MATERIAL PROVIDED —

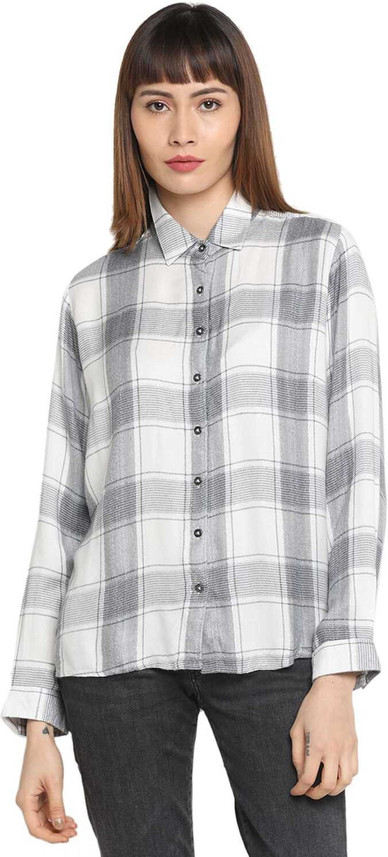 Pepe Jeans Women Checkered Casual White 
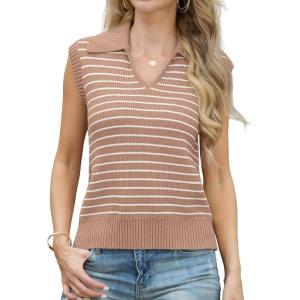 imageIWOLLENCE Womens Casual Sweater Vest Cap Sleeve Knit Pullover V Neck Sleeveless Tank Tops 2025 Spring Summer Clothes03 Khaki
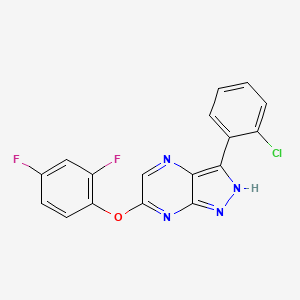 B8648057 3-(2-chlorophenyl)-6-(2,4-difluorophenoxy)-1H-pyrazolo[3,4-b]pyrazine CAS No. 864301-19-9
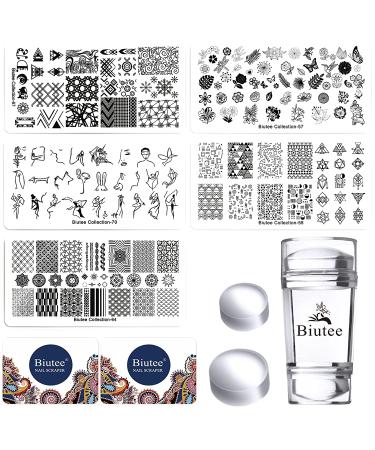 Nail Stamping Kit with 5 Flower Pattern Plates - Stamping Nail Polish for Gel Nails - Buy Online on GoSupps.com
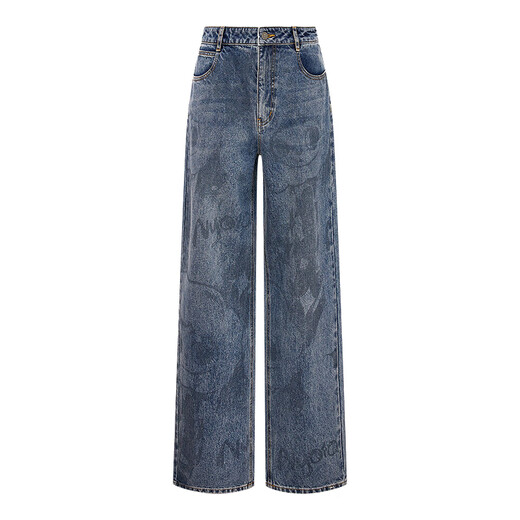 Dzzit Disu [Pop Mart Joint Series] Jeans 2025 Spring Neues Illustrationshose 3J1R6196T Dunkelblau S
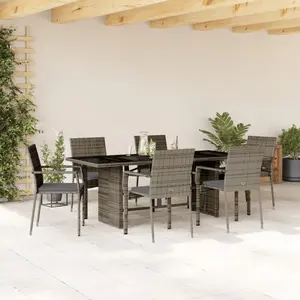 vidaXL Ensemble à manger de jardin et coussins 7 pcs gris rotin pas cher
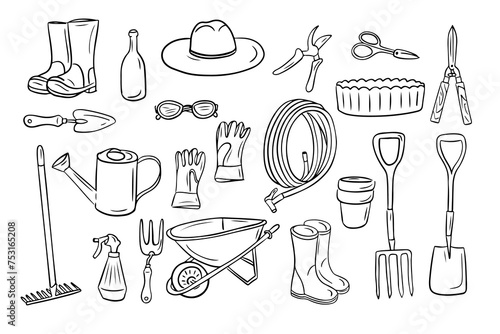 Set of hand drawn doodles of items for gardening. Vector outline garden tools on white background. Various equipment and facilities for gardening, farming. Ideal for coloring pages, tattoo, pattern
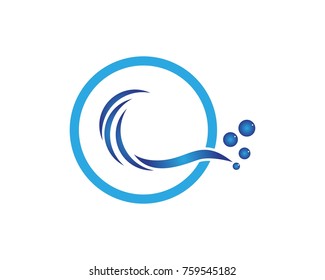 Wave beach logo design template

PROBLEM REQUIREMENTS — Only lines belong in the copy: transcribe those from the start of the data through the line that contains "CAS No. 864301-19-9", and skip the pictures.

WRITTEN SOLUTION —
 Pepe Jeans Women Checkered Casual White 
 imageIWOLLENCE Womens Casual Sweater Vest Cap Sleeve Knit Pullover V Neck Sleeveless Tank Tops 2025 Spring Summer Clothes03 Khaki
 B8648057 3-(2-chlorophenyl)-6-(2,4-difluorophenoxy)-1H-pyrazolo[3,4-b]pyrazine CAS No. 864301-19-9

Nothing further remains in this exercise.